4. Distribusi, dalam waktu yang singkat harus mendistribusikan barang bantuan kedaerah-daerah yang memerlukan barang bantuan. Masalah dalam hal distribusi kedaerah yang tidak terjangkau oleh sarana transportasi karena sulit untuk mencapainya, hal ini memerlukan bantuan untuk menggunakan alat transport udara, sedangkan transport udara untuk beberapa daerah sangat terbatas keberadaannya dan jumlahnya.
5. Administrasi, dalam situasi serba darurat harus menyiapkan pencatatan dan pelaporan pemakaian barang bantuan. Pencatatan dan Laporan sering dianggap sebagai penghambat pemenuhan permintaan barang,sehingga sering diabaikan oleh pengguna atau pengirim barang bantuan. Sebenarnya data yang didapat dari penggunaan barang bantuan merupakan umpan-balik untuk perencanaan mendatang, untuk mengetahui seberapa besar nilai bantuan yang telah terserap, jenis barang bantuan apa saja dan berapa banyak telah digunakan atau didistribusikan, dsbnya. Hal lain yang sering dijumpai adalah setelah barang disampaikan kepengguna barang tersebut dianggap sudah habis digunakan, padahal terdapat beberapa kemungkinan, yaitu memang habis digunakan atau didistribusikan, tidak habis digunakan dan sisanya ditimbun, atau bahkan disalah gunakan.
Tambahan
Dear All,
Terkait dengan kondisi tanggap bencana yang terjadi di beberapa wilayah Indonesia, dan lokasi tersebut ada yang berdekatan dengan zone Industri, maka kiranya perlu juga ada sharing tentang emergency response procedures untuk proses operasional logistik.
Bagi Logisticians, akan sangat dibutuhkan informasi terkait:
1. Jika lalu-lintas udara & laut di tutup, apakah masih layak menggunakan jalur darat atau jalur alternatif lainnya?
2. Pemahaman tentang prosedur evakuasi saat gempa bumi & bencana lainnya terjadi, karena jika timbul kepanikan di dalam pabrik, gudang, atau kantor, bisa menimbulkan masalah besar, apakah safety talk dan simulasi tanggap bencana juga sudah menjadi bagian dari keseharian kita bekerja?, karena menilik dari kepanikan yg terjadi di gedung2 kantor saat gempa melanda Jakarta tahun 2009 misalnya, terlihat pengetahuan tentang ini masih terbatas di para professional tsb.
3. Panduan singkat, padat, & jelas bagi semua crew perusahaan; baik di kantor atau di lapangan, dalam 1 - 2 lembar flow chart petunjuk singkat; jika terjadi banjir, gempa, tsunami, gunubng meletus, kepanikan hingga kerusuhan massa, lalu ada berada di tengah kondisi tersebut, apa yg harus dilakukan, siapa yg harus dihubungi, dsb, dsb.
4. Sikap industri yang dapat saja membuat keputusan sendiri, tegas namun aman, daripada reaktif menunggu masalah terjadi: case study sikap otoritas perhubungan Indonesia saat ini: apakah menutup bandara atau buka tutup saja saat musibah gunung Merapi saat ini, hanya berhitung untung-rugi operasional bandara, padahal negara2 Uni Eropa sepakat menutup bandara beberapa hari saat gunung di Iceland meletus.

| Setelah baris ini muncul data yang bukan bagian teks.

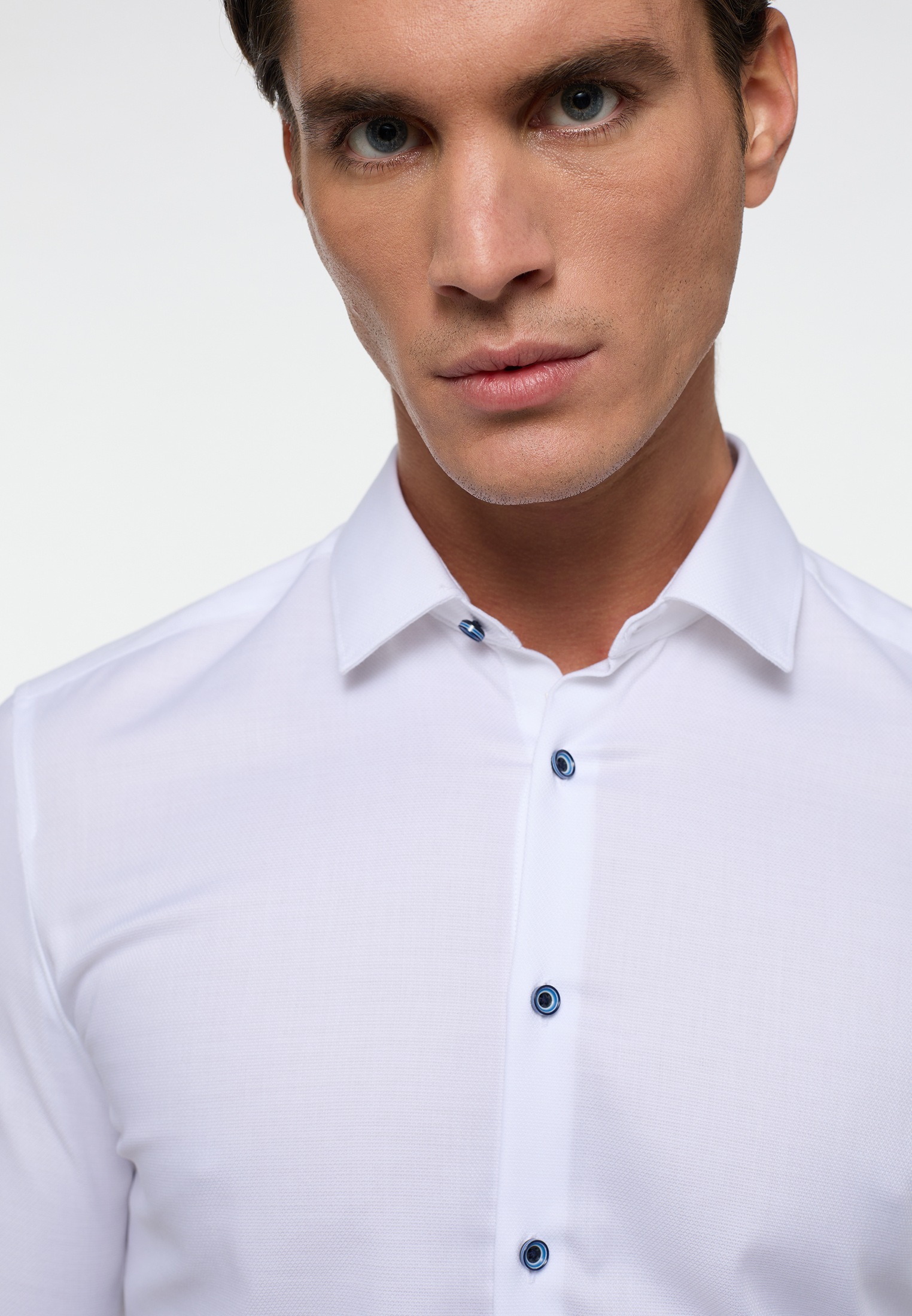 Eterna Langarmhemd »SUPER SLIM« NON IRON (bügelfrei)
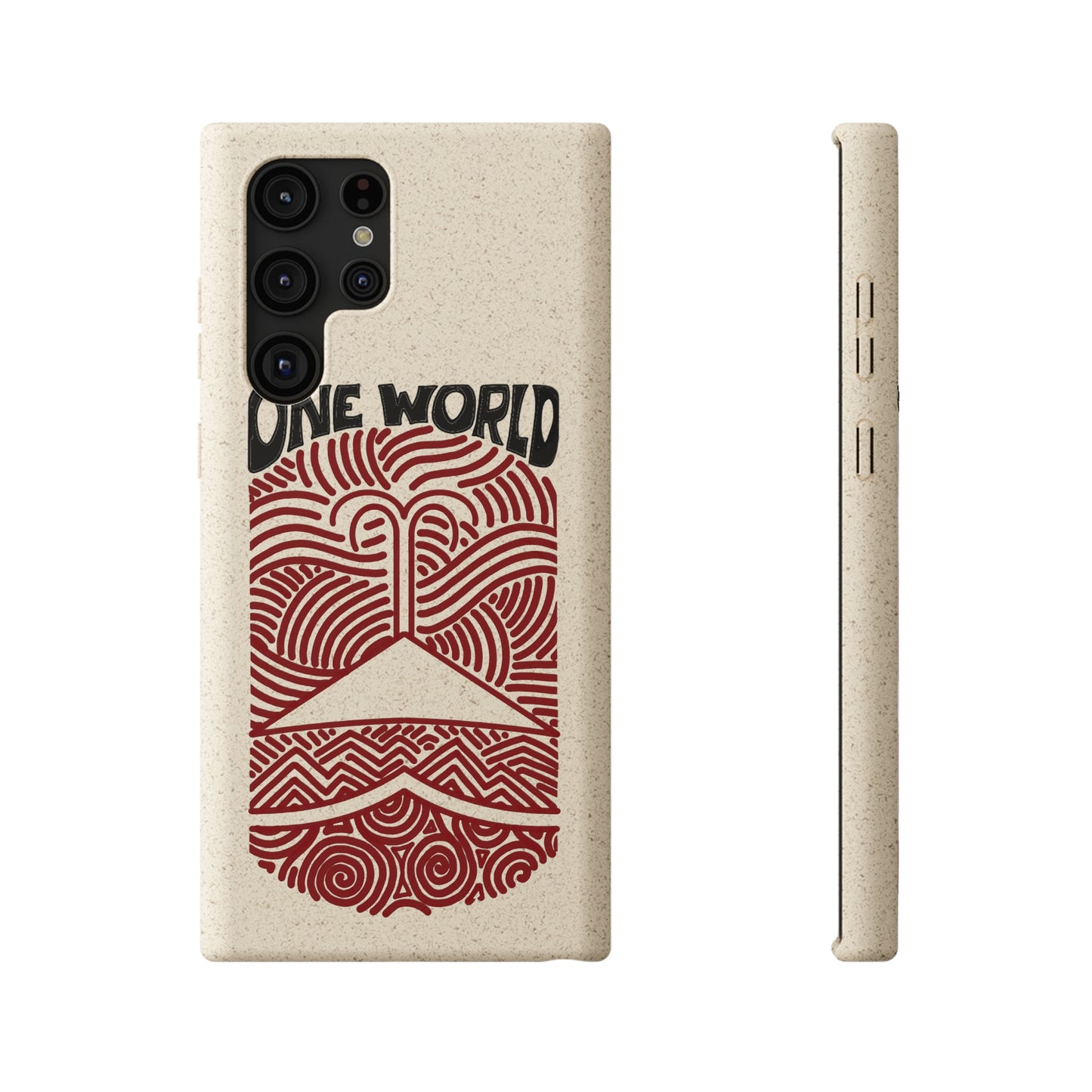One World eco-friendly Biodegradable Cases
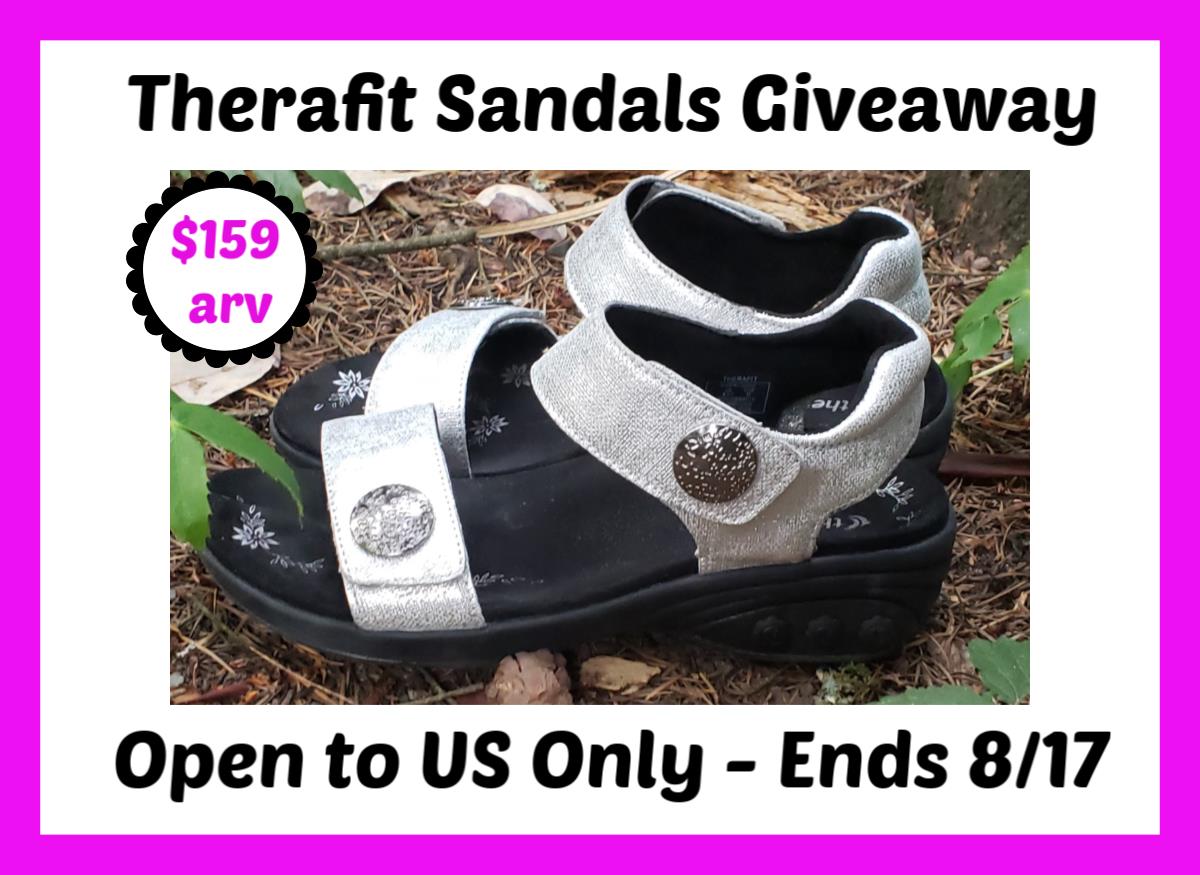 Therafit Melody Adjustable Sandal Giveaway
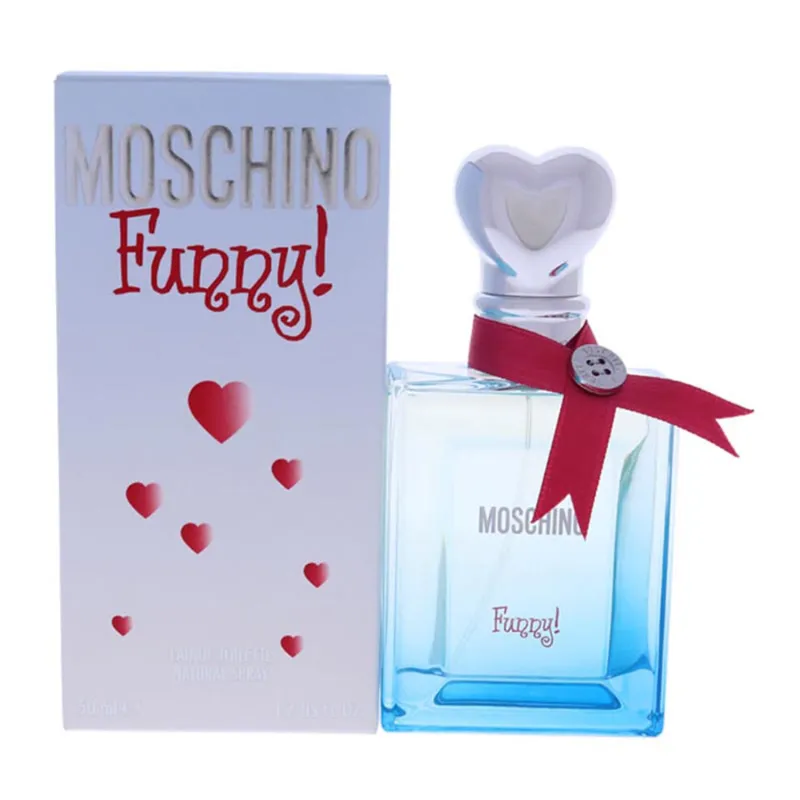 MOSCHINO FUNNY EAU DE TOILETTE 50ML VAPORIZADOR MOSCHINO FUNNY EAU DE TOILETTE 50ML VAPORIZADOR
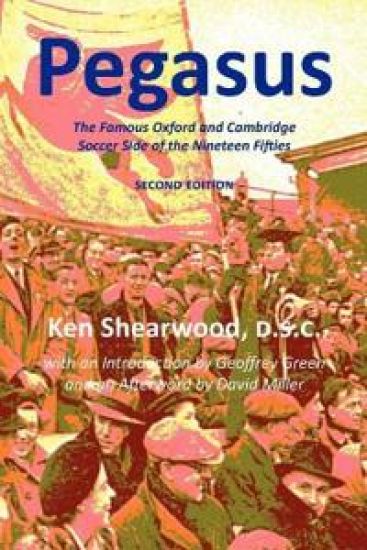 Pegasus – Ken Shearwood, kirjan kansikuva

Ketegasan beberapa maskapai penerbangan asing untuk menghentikan penerbangan ke Indonesia adalah contoh keberanian bersikap industri jasa ini, tidak apa2 merugi daripada mendadak ada pesawat jet penumpang yang membawa sekian ratus penumpang dan ratusan cargo udara berharga crash akibat mesin pesawatnya mendadak rusak terganggu debu bahkan material vulkanik gunung merapi yg mendadak meletus saat pesawat tersebut melintas.
5. Literatur tentang emergency response procedures & disaster preparadness sebenarnya banyak, tapi saya lihat belum ada yg benar2 di desain untuk aplikasi yg cocok bagi industri Indonesia.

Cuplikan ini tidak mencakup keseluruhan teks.